We've been playing these shitty songs
Way too loud, way too long...
If you're into deafness,
We'll put you on the guest list.

The mighty Me-Thinks -- for whom I have shilled merchandise, and will again -- have always been more than they appeared.

While Ray Liberio -- with whom I've played recreationally in a "proto-punk repertory band" since 2006, and will again -- is the consummate frontman, personable to a fault, and a multi-instrumental triple-threat who also kicks the traps with Vorvon and FTW, it's hardly his show alone. Much of the Me-Thinks' concept -- their droll, self-deprecating humor (including the fake interview transcript they supplied me with after my first encounter with them, way back in 2002), stage presentation (a smoke machine! capes!), as well as their somewhat skewed marketing -- originates with guitarist/smoke machine operator/Cheap Trick fan Marlin Von Bungy. (I finally realized why Marlin doesn't use a wah-wah pedal: You can't, while standing on one leg.) And back in the early days, their secret songwriting weapon was drummer Will "Boyo" Risinger (now in exile in Arkansas), who penned lyrics and provided Brian Wilson-esque "spiritual guidance" for this new 7-incher.

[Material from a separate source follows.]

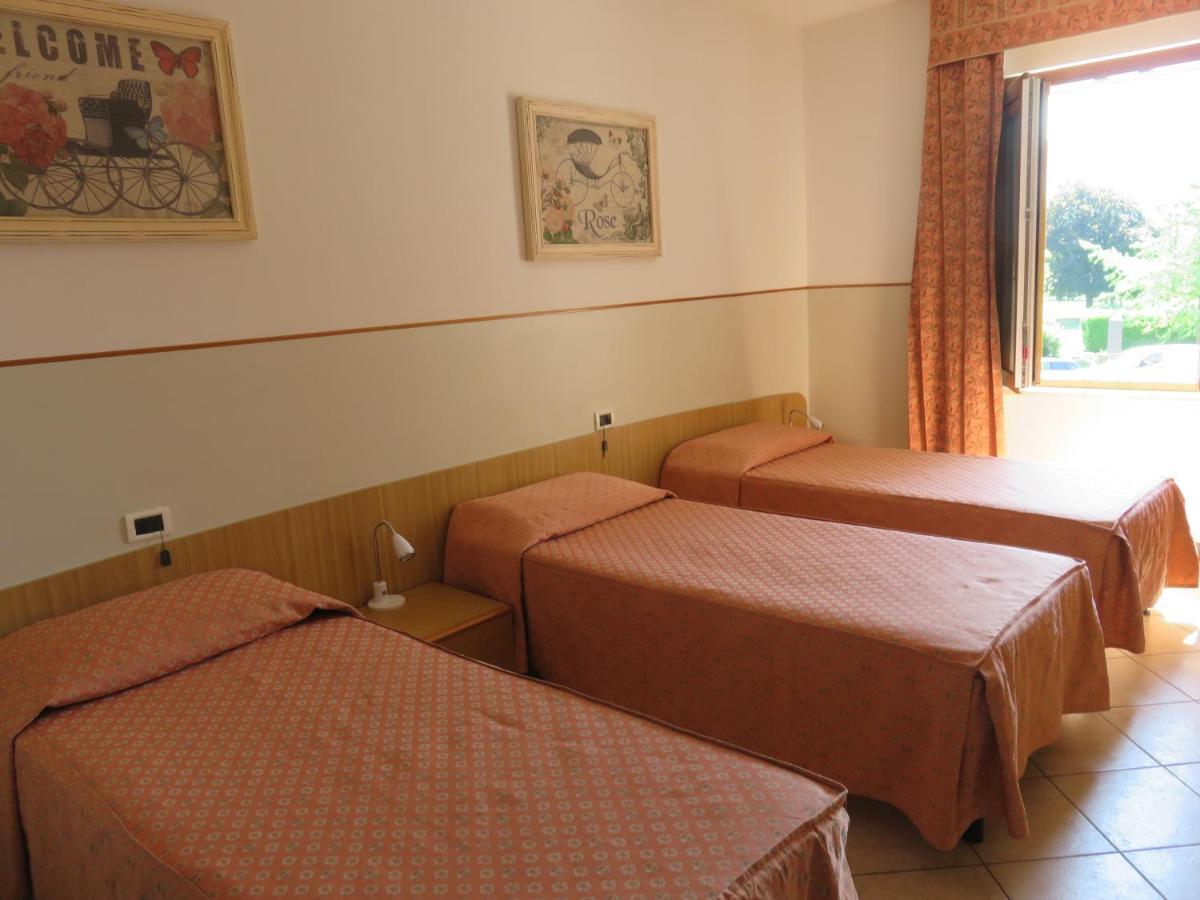 Hotel Da Si-Si Gemona del Friuli Eksteriør billede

The secret ingredient in the current Me-Thinks lineup, however, is Johnny Trashpockets, ex-E.T.A., who joined two years ago after his predecessor on second guitar, Mike Bandy (ex-Dragworms and Ray's original guitar teacher), departed due to health issues. (Mike's recently been back on the boards with Groom Lake Racers.) It was a move that just made sense, since Trashpockets -- a somewhat menacing rockaroll Predator onstage, as smart and funny as the rest of the cats offstage -- was a longtime friend and fan, and was already playing with Me-Thinks drummer Trucker Jon Simpson in One Fingered Fist. Stoked by his energy and enthusiasm, Fort Worth's self-styled "shittiest band" have stepped up the pace of their live activity, and produced what Boyo insists (and I concur) is their finest recorded artifact yet.

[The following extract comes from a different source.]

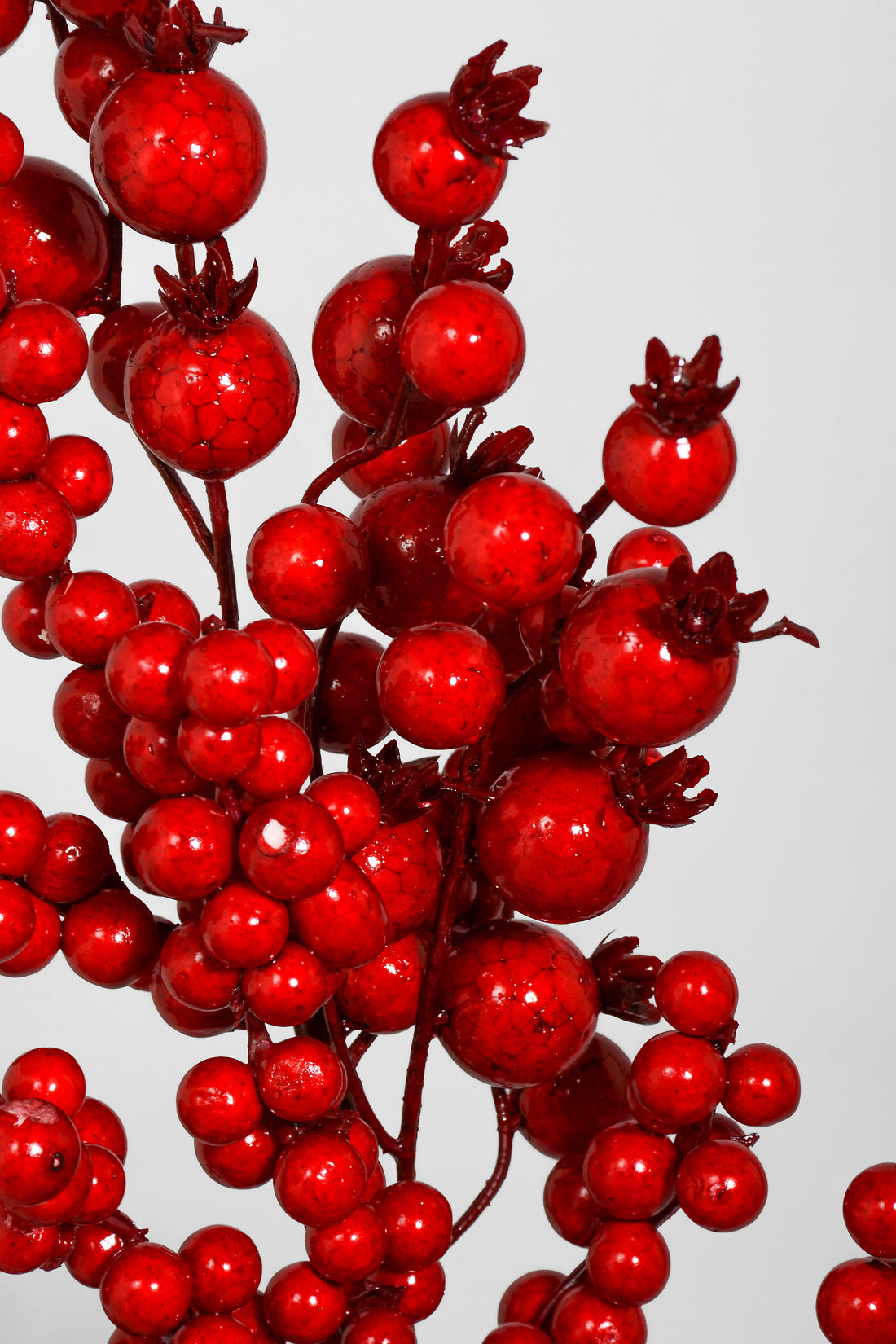 26" Wp Mixed Berry Crabapple Spray Red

At least some of the credit here goes to Jorts Richardson (Son of Stan), who insisted on keeping the Me-Thinks away from the booth during mixing, as a result of which Ray's barrel-chested, leather-lunged vocals -- a signature strength -- are up high in the mix for the first time evah. Instrumentally, their sound has never been so well captured: hard-edged and streamlined, with a relentless forward motion worthy of Motorhead, Radio Birdman, or Machine Head-era Deep Purple.

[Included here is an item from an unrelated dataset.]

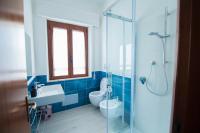 A bathroom at Sandalia B&B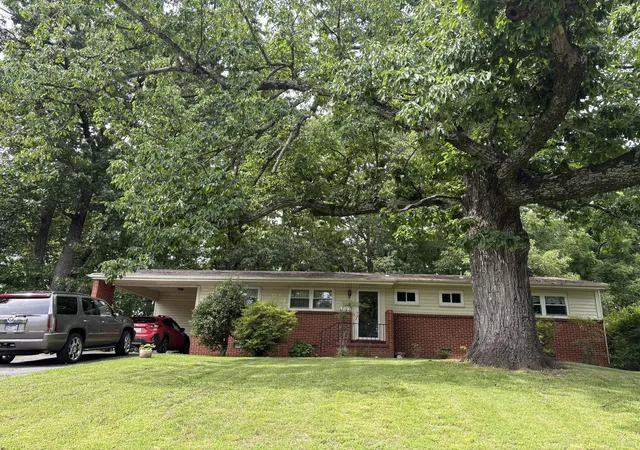 1st image of 108 Ridgecrest Cir, Rossville, GA 30741 | MLS# 1537355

"Mr. Dude" is a tale of high school hi-jinks that winds its way through several sections and takes its title from the nom de plume of Calvin Abucejo, Ray's fellow "art criminal" in Pussyhouse Propaganda, creators of the picture sleeve artwork (a Kiss Destroyer homage on one side, 3D wonderment on the flip) for this manhole cover-like slab of turquoise vinyl. "Rock Deaf" -- the source of the inspirational couplets up top -- is an anthem to excess in the manner of The Make Mine a Double E.P.'s "Party Boy." While that 2007 release remains the "classic" Me-Thinks, this latest document distills their essence better than any other recording.

But don't take my word for it. The release show (with the Hickoids and Duell) is skedded for Saturday, September 10th, at Lola's. You know what to do.